Bonds and new products
Single-asset, single-borrower CMBS operations for large individual loans and loan portfolios were also very strong execution for multi-family and are expected to continue due to excellent multi-family market fundamentals and low rates for the business. bond.
“While bond buyers have demanded an increase in spreads on recent transactions due to the increase in bond supply, we expect CMBS-SASB execution to be competitive through 2022. “said Kiffe.

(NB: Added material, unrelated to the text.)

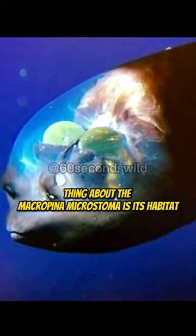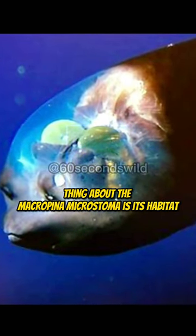But perhaps the most remarkable thing about the Macropena microstoma is its habitat. Found at depths of over a thousand meters, this fish is one of the few species that is able to survive and thrive in the dark, cold, and pressure-filled environment of the deep sea.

The student housing category is attracting increased lending activity, said Josh Zegen, founder and CEO of Madison Realty Capital. In July, the company provided a $ 62 million bridge and construction loan for the refinancing and development of University Pointe, an 877-bed student residence in Davie, Florida. Hybrid financing was provided at a rate of 4.5% with a mortgage of $ 58 million and a mezzanine loan of $ 4 million. Most of the proceeds will refinance a 2019 loan with $ 8 million allocated to develop a new 96-bed facility.
Madison Realty Capital closed some $ 1.8 billion in deals in 2020 and is expected to exceed that figure three or four times in 2021, Zegen reported. He attributes some of that growth to a new $ 1.5 billion debt investment vehicle that he describes as a “lighter bridging loan product.”
Other lenders are also creating additional products and van Os of Greystone expects this to be a trend next year as well. For affordable housing, this includes Greystone’s tax-exempt bond financing and the option to build 100% LTC through its subsidiary ATAX. “We are all looking for other products to have in our arsenal,” she said.